# Plastic Trim Piece Warping! Is Replacement as Simple as it Looks?



## blr5455 (Dec 13, 2014)

On my 2014, 1LT RS, the triangular plastic trim piece that follows the back door window line is beginning to warp and pull away from the car. (On the passenger side.) Could be the sun is getting to it. 

GM calls this trim piece an "applique", part number 95991483. A closer look at the piece on line shows me that it looks like it just snaps into the vehicle with three plastic "attachers". It's not an expensive piece at all. 

Any tricks or surprises to remove the warped one currently on the car? Can I just gently tug it off?

Any tricks or surprises to install the new one? Does it just snap in? 

Appreciate hearing your experience or recommendations, since one never knows if adhesive is involved, etc. Is this fix as simple as it looks?

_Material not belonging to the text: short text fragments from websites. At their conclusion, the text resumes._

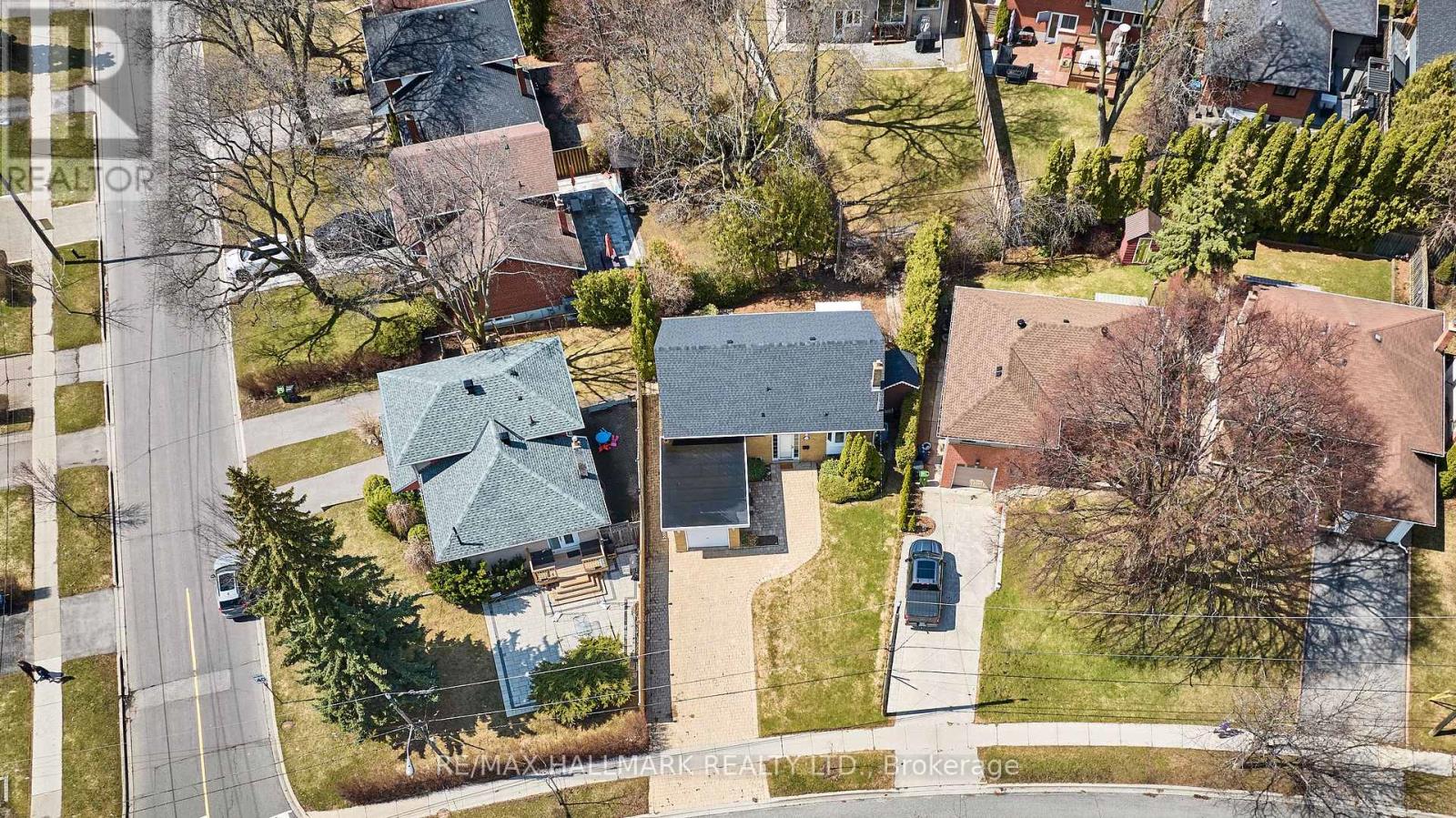 194 Sloane Avenue, Toronto, Ontario  M4A 2C6 - Photo 36 - C12962442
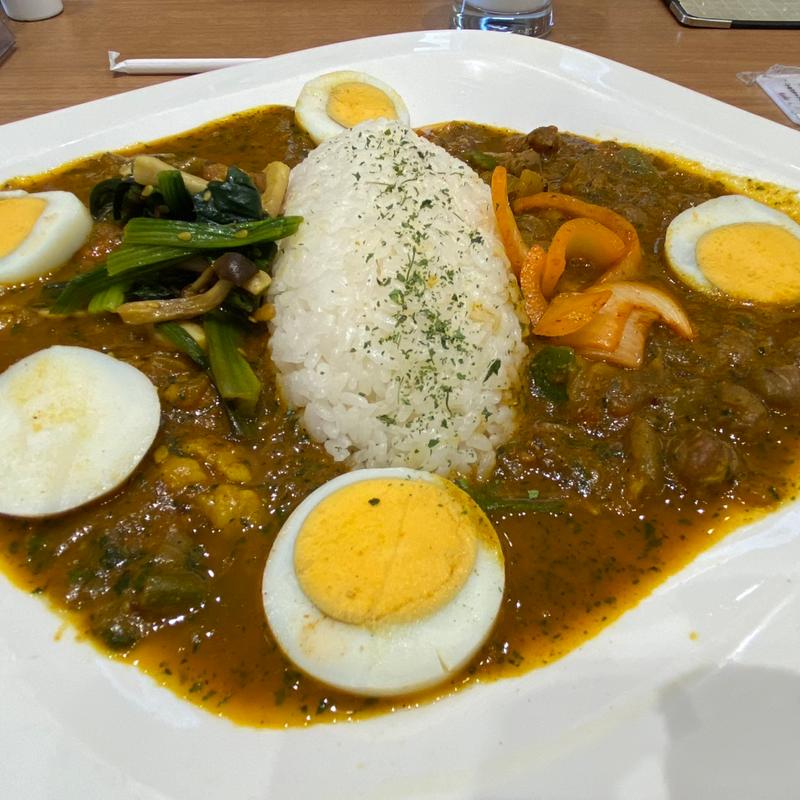 スパイス・ダブルカレーライスセット(インド料理 BISHNU（ビスヌ） イオン伊都店)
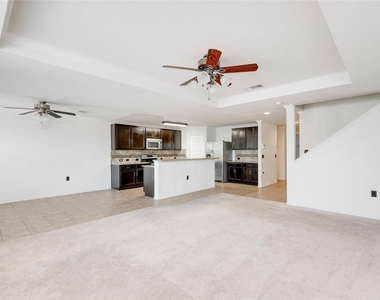 5701 Cass Ct - Photo Thumbnail 2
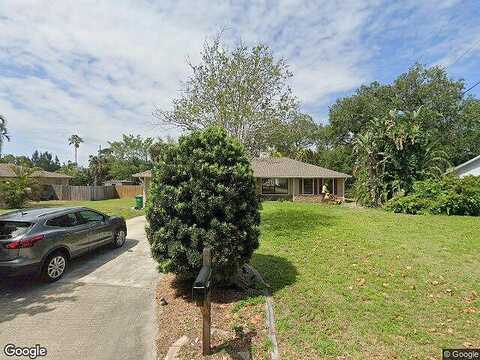 Laurette, MERRITT ISLAND, FL 32952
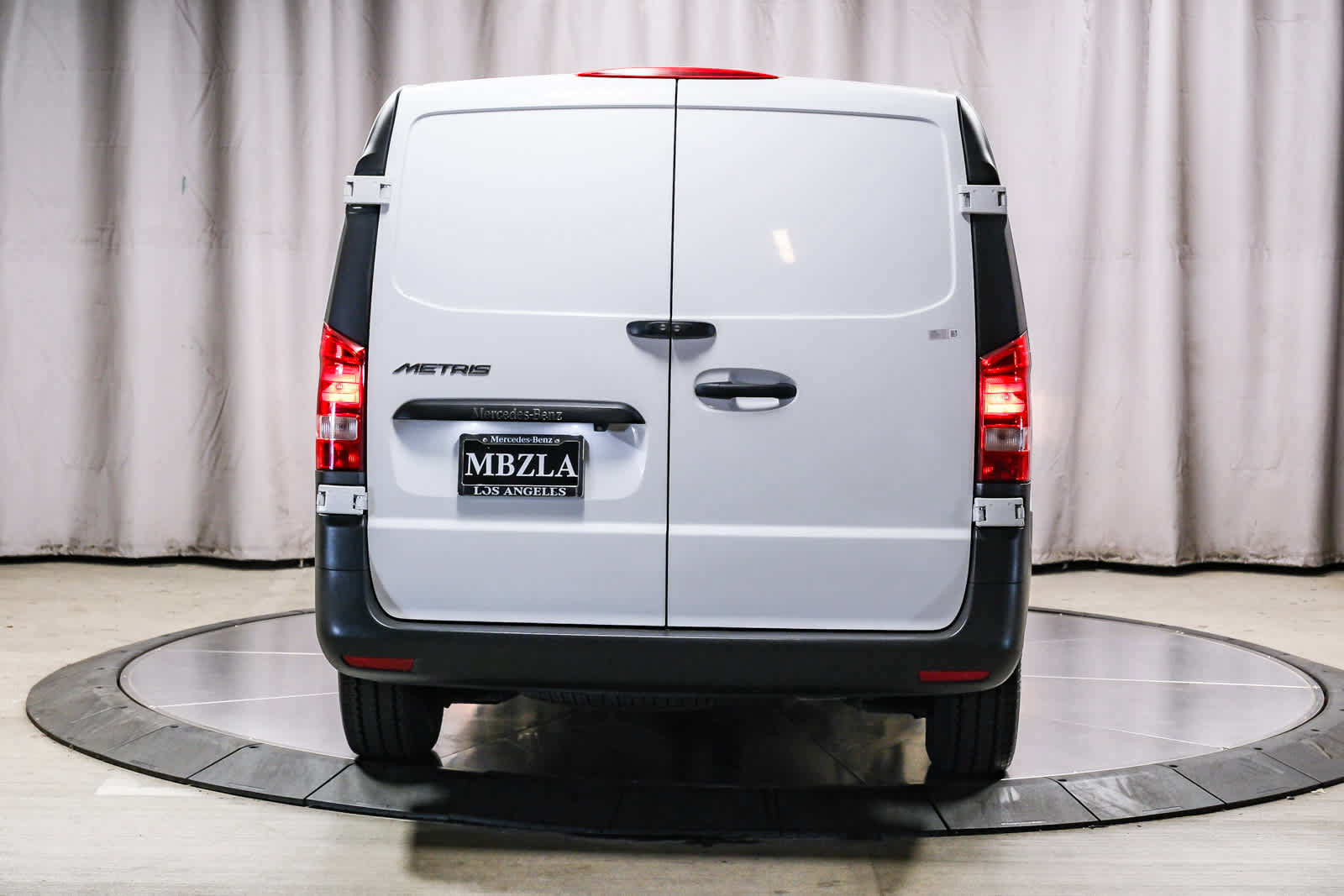 Used 2022 Mercedes-Benz Metris image 3
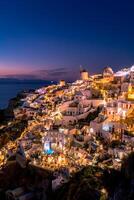 Perfetto viaggio paesaggio. santorini a notte, lungo esposizione fotografia dopo tramonto, mediterraneo mare, Grecia. sorprendente bellezza accogliente e romantico notte Visualizza di famoso vacanza destinazione, notte luci foto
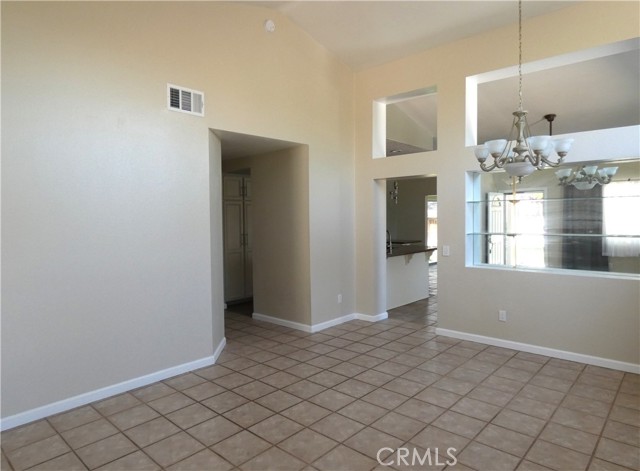 Detail Gallery Image 8 of 38 For 15202 Copper Canyon Cir, Victorville,  CA 92394 - 4 Beds | 2 Baths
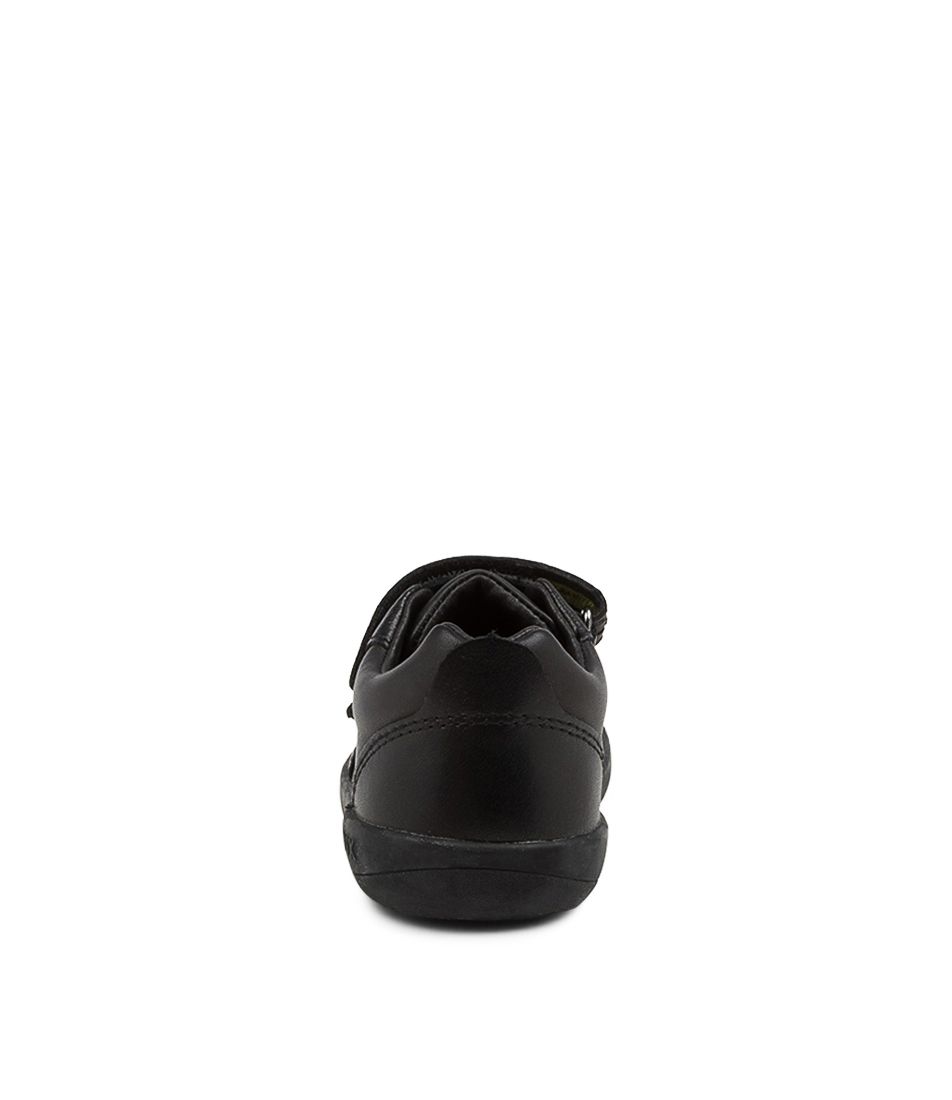 Leap School Shoe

Thanks in advance, Cruze experts.


----------



## KillerDad (Jan 25, 2018)

pull hard and it wil pop right off. Mine was missing the chrome piece so i ordered a new one from ebay for like 15 bucks. new one pops right back in place. they have the 3 clips and a little 3m tape.


----------



## blr5455 (Dec 13, 2014)

Thanks a lot for the info, KillerDad. Very helpful. I've already ordered the piece!


----------